时间:2017-12-13 05:49:36

标签: akka-stream

我正在使用akka-stream实现一个解决方案来从多个文件中读取文本行,并提出了以下impl:

      def main(args: Array[String]): Unit = {
        val g: Flow[String, Unit, NotUsed] = Flow.fromGraph(GraphDSL.create() {
          implicit builder =>
            import GraphDSL.Implicits._

            val A = builder.add(doQuery)
            val B = builder.add(analyzeResult)
            A ~> B
            FlowShape(A.in, B.out)
        })

        val files = Source(fileNames)
        val lines = files.map(file =>
          Source.fromIterator(() => Source.fromFile(file.getName, "UTF-8").getLines)
        )

        val done = lines.runForeach(g.runWith(_, Sink.ignore))
        //    implicit val ec = system.dispatcher
        //    done.onComplete(_ => system.terminate())
      }

      val fileNames: List[File] = ???

      val doQuery = Flow[String]
        .groupedWithin(1000, 100 millisecond)
        .mapAsync(4)(x =>
          Future[Seq[String]] {
            synchronized {
              // Do Something
              Nil
            }
          }
        )

      val analyzeResult: Flow[Seq[String], Unit, NotUsed] = ???

如果有更好的解决方案,任何人都可以提供意见/反馈吗? 我不希望有两个Source(文件列表和第二个来自每个文件的文本行)。

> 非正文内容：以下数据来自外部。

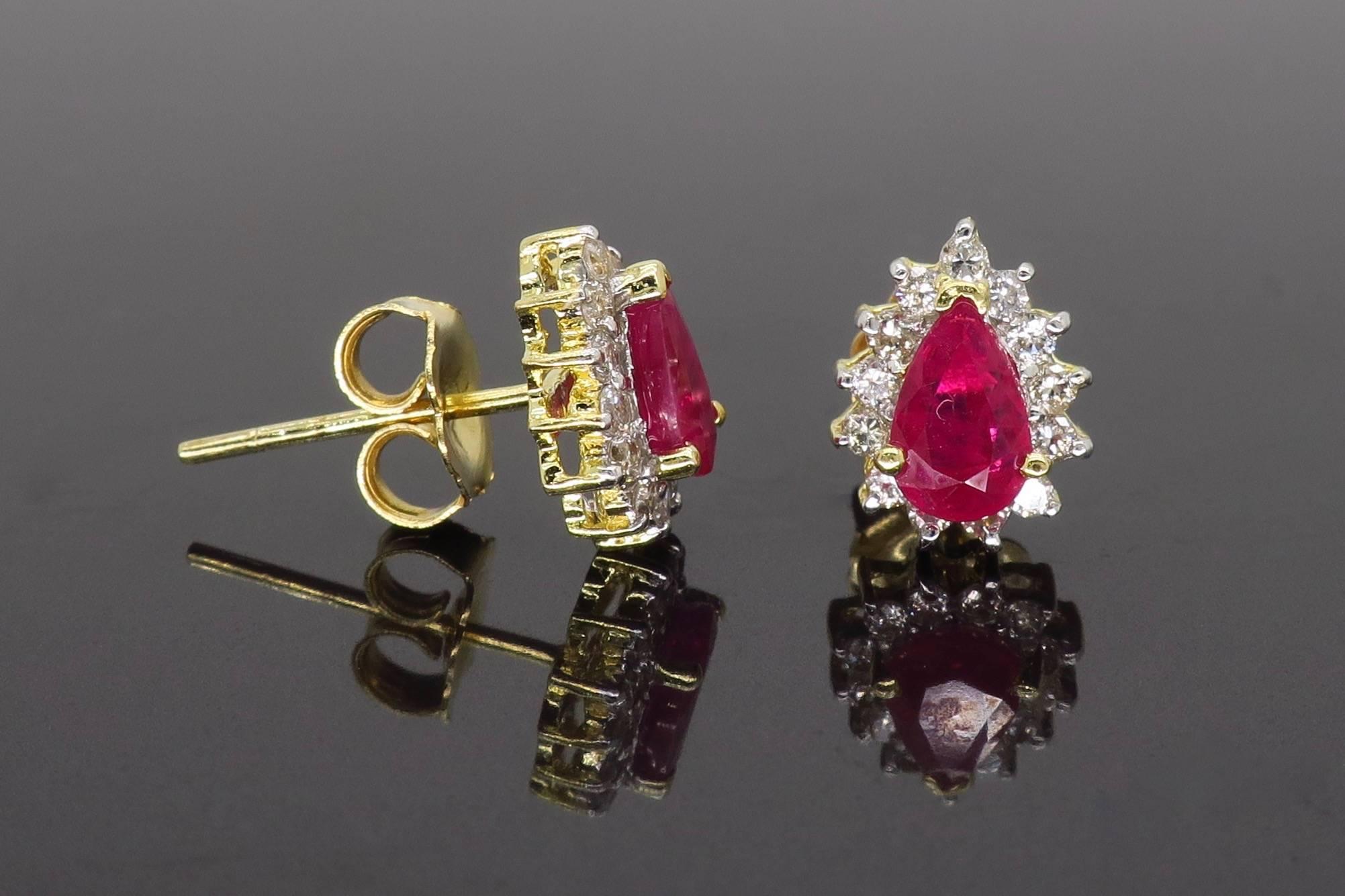 Ruby and Diamond Halo Stud Earrings In New Condition In Webster, NY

想知道如何只有一个单一的来源(文件列表)...... TIA!

1 个答案:

答案 0 :(得分:0)

val g: Flow[File, Unit, NotUsed] = Flow.fromGraph(
  GraphDSL.create() {
    implicit builder =>
      import GraphDSL.Implicits._

      val A = builder.add(Flow[File]
        .flatMapConcat {
          Source.fromIterator(() => 
            scala.io.Source.fromFile(s"${file.getAbsolutePath}", "UTF-8").getLines)
        }
      )
      val B = builder.add(doQuery)
      val C = builder.add(analyzeResult)

      A ~> B ~> C
      FlowShape(A.in, C.out)
  }
)

val files = Source(fileNames)

val (_: NotUsed, done: Future[Done]) = g.runWith(files, Sink.ignore)
implicit val ec = system.dispatcher
done.onComplete(_ => system.terminate())